**WHAT IS REQUIRED:**
Please copy the lines below exactly, from the first one through the line showing "周朝实行分封制后,为何爵位低的越来越强,爵位高的却大多消亡呢|诸侯国_新浪新闻".
INFORMATION SUPPLIED: Begin
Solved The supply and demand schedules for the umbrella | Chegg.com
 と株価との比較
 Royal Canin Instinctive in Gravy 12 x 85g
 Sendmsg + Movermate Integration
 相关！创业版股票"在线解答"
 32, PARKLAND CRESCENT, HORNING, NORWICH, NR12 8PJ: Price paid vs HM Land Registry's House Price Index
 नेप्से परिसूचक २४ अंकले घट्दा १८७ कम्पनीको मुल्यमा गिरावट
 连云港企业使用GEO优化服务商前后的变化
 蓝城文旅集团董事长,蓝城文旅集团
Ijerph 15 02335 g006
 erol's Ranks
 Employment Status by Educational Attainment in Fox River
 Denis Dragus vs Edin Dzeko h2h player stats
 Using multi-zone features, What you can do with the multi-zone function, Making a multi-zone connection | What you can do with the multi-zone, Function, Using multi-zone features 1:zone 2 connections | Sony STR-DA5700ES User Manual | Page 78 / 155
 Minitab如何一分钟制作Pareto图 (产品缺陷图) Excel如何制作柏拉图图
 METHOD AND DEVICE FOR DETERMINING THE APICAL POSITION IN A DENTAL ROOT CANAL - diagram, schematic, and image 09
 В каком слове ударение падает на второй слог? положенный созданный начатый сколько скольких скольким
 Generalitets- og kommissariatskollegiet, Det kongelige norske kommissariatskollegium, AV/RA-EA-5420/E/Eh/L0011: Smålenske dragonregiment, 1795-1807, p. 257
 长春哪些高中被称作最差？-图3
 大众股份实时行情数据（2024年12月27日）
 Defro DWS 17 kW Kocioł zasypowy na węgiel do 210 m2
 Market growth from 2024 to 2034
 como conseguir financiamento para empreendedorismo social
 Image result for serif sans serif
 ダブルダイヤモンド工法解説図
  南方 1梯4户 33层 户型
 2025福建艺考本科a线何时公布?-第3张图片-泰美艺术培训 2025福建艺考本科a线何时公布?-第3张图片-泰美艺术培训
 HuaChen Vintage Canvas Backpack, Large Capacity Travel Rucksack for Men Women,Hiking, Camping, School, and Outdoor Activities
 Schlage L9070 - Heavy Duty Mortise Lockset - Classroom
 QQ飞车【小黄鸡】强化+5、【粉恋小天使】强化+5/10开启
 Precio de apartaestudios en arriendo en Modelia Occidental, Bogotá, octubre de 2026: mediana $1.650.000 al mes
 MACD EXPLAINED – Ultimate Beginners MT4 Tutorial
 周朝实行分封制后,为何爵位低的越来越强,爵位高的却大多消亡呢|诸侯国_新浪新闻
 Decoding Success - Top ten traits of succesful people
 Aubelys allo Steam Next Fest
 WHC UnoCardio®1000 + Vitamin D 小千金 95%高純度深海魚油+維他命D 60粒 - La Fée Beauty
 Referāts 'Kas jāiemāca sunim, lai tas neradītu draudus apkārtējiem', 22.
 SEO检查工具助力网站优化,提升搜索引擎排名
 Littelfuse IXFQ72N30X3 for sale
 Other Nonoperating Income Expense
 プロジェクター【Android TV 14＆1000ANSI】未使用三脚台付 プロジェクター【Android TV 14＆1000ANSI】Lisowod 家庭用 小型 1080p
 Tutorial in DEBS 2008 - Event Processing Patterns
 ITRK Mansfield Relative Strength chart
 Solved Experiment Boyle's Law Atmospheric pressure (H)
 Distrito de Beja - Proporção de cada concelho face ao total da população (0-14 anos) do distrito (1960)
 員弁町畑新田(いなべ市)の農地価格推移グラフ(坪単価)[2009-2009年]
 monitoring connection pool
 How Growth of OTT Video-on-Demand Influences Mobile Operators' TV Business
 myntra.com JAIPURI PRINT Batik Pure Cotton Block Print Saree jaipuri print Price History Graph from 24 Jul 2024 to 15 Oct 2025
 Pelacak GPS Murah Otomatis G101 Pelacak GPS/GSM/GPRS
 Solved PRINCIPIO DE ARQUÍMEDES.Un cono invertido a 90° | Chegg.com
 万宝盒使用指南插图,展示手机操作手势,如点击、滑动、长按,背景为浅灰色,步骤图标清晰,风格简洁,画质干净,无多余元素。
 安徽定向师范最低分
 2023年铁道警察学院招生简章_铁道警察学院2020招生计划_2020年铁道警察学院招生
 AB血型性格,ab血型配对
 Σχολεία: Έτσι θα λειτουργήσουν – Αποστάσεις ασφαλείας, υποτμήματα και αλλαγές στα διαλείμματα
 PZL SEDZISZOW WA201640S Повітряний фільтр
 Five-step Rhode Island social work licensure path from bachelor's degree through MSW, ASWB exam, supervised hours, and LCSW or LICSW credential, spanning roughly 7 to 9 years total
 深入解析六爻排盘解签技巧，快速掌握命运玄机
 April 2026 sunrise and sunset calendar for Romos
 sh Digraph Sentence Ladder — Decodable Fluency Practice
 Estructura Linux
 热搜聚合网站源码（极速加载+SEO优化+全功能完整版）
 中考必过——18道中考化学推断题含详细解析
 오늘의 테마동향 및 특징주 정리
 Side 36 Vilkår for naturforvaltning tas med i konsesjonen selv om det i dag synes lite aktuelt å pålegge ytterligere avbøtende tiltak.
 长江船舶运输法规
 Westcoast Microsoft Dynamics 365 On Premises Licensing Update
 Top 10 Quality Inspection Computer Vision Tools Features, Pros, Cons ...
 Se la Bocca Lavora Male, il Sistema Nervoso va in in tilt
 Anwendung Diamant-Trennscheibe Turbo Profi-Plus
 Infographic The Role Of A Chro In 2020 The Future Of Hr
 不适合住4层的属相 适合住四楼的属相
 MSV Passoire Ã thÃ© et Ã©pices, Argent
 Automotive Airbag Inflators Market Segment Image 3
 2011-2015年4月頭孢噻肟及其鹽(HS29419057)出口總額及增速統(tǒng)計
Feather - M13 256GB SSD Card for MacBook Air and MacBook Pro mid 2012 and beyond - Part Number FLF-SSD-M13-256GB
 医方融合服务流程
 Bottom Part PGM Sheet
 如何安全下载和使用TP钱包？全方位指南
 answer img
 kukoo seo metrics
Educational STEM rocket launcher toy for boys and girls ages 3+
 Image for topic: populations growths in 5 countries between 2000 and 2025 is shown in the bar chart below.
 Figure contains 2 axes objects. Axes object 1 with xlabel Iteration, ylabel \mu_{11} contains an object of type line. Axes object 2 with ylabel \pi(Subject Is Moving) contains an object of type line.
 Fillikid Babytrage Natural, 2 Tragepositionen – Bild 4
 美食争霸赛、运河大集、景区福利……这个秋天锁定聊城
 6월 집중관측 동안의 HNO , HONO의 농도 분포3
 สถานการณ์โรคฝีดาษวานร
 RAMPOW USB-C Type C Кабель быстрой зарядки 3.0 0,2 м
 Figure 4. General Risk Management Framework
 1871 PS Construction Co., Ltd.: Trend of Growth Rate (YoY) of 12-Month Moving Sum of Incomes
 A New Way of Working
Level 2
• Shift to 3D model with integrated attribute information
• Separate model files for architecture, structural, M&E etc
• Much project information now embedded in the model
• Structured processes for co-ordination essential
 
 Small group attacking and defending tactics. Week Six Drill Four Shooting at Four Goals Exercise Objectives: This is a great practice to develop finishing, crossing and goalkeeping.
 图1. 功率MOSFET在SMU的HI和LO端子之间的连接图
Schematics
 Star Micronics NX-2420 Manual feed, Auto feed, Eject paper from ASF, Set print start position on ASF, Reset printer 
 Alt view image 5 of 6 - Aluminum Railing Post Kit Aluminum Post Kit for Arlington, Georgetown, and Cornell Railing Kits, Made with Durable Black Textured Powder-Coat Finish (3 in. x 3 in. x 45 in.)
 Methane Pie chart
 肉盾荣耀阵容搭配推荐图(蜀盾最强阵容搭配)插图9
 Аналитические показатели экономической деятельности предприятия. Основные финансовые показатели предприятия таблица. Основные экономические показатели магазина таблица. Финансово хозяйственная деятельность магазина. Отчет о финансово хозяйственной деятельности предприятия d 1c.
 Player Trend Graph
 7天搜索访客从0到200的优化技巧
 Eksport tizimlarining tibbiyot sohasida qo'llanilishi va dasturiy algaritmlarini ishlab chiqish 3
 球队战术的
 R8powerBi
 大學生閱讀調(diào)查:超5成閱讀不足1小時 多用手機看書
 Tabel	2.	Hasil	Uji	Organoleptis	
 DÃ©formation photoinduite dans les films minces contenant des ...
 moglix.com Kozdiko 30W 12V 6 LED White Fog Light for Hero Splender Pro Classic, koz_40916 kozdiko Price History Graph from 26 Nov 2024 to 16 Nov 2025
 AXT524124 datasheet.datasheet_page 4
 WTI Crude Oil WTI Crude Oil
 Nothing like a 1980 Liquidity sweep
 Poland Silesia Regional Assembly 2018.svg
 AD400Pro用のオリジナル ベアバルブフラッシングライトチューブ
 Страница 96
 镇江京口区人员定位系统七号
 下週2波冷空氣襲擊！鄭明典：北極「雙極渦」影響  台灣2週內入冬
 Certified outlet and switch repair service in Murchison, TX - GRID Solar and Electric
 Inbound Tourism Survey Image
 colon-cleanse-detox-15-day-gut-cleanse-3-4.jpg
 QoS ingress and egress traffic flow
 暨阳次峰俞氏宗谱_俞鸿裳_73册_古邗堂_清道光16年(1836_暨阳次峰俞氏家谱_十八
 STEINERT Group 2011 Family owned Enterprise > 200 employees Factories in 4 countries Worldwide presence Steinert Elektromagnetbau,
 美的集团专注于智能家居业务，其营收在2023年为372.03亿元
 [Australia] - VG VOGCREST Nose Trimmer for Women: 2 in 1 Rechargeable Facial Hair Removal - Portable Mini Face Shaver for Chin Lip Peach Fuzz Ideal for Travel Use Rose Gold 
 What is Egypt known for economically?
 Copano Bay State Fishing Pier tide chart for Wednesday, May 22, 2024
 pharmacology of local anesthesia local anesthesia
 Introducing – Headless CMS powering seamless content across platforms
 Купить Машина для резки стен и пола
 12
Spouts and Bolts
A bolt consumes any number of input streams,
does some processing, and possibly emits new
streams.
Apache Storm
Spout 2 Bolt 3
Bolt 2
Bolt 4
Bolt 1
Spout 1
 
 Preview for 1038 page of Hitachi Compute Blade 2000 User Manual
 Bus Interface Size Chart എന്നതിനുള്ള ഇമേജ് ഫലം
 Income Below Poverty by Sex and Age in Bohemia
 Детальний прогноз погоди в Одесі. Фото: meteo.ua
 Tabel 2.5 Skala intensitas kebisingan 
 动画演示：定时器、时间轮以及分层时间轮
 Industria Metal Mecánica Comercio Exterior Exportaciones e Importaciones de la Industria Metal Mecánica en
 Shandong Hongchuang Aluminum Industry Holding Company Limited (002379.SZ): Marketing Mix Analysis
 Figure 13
INFORMATION SUPPLIED: End
**TASK OUTPUT:**
Solved The supply and demand schedules for the umbrella | Chegg.com
 と株価との比較
 Royal Canin Instinctive in Gravy 12 x 85g
 Sendmsg + Movermate Integration
 相关！创业版股票"在线解答"
 32, PARKLAND CRESCENT, HORNING, NORWICH, NR12 8PJ: Price paid vs HM Land Registry's House Price Index
 नेप्से परिसूचक २४ अंकले घट्दा १८७ कम्पनीको मुल्यमा गिरावट
 连云港企业使用GEO优化服务商前后的变化
 蓝城文旅集团董事长,蓝城文旅集团
Ijerph 15 02335 g006
 erol's Ranks
 Employment Status by Educational Attainment in Fox River
 Denis Dragus vs Edin Dzeko h2h player stats
 Using multi-zone features, What you can do with the multi-zone function, Making a multi-zone connection | What you can do with the multi-zone, Function, Using multi-zone features 1:zone 2 connections | Sony STR-DA5700ES User Manual | Page 78 / 155
 Minitab如何一分钟制作Pareto图 (产品缺陷图) Excel如何制作柏拉图图
 METHOD AND DEVICE FOR DETERMINING THE APICAL POSITION IN A DENTAL ROOT CANAL - diagram, schematic, and image 09
 В каком слове ударение падает на второй слог? положенный созданный начатый сколько скольких скольким
 Generalitets- og kommissariatskollegiet, Det kongelige norske kommissariatskollegium, AV/RA-EA-5420/E/Eh/L0011: Smålenske dragonregiment, 1795-1807, p. 257
 长春哪些高中被称作最差？-图3
 大众股份实时行情数据（2024年12月27日）
 Defro DWS 17 kW Kocioł zasypowy na węgiel do 210 m2
 Market growth from 2024 to 2034
 como conseguir financiamento para empreendedorismo social
 Image result for serif sans serif
 ダブルダイヤモンド工法解説図
  南方 1梯4户 33层 户型
 2025福建艺考本科a线何时公布?-第3张图片-泰美艺术培训 2025福建艺考本科a线何时公布?-第3张图片-泰美艺术培训
 HuaChen Vintage Canvas Backpack, Large Capacity Travel Rucksack for Men Women,Hiking, Camping, School, and Outdoor Activities
 Schlage L9070 - Heavy Duty Mortise Lockset - Classroom
 QQ飞车【小黄鸡】强化+5、【粉恋小天使】强化+5/10开启
 Precio de apartaestudios en arriendo en Modelia Occidental, Bogotá, octubre de 2026: mediana $1.650.000 al mes
 MACD EXPLAINED – Ultimate Beginners MT4 Tutorial
 周朝实行分封制后,为何爵位低的越来越强,爵位高的却大多消亡呢|诸侯国_新浪新闻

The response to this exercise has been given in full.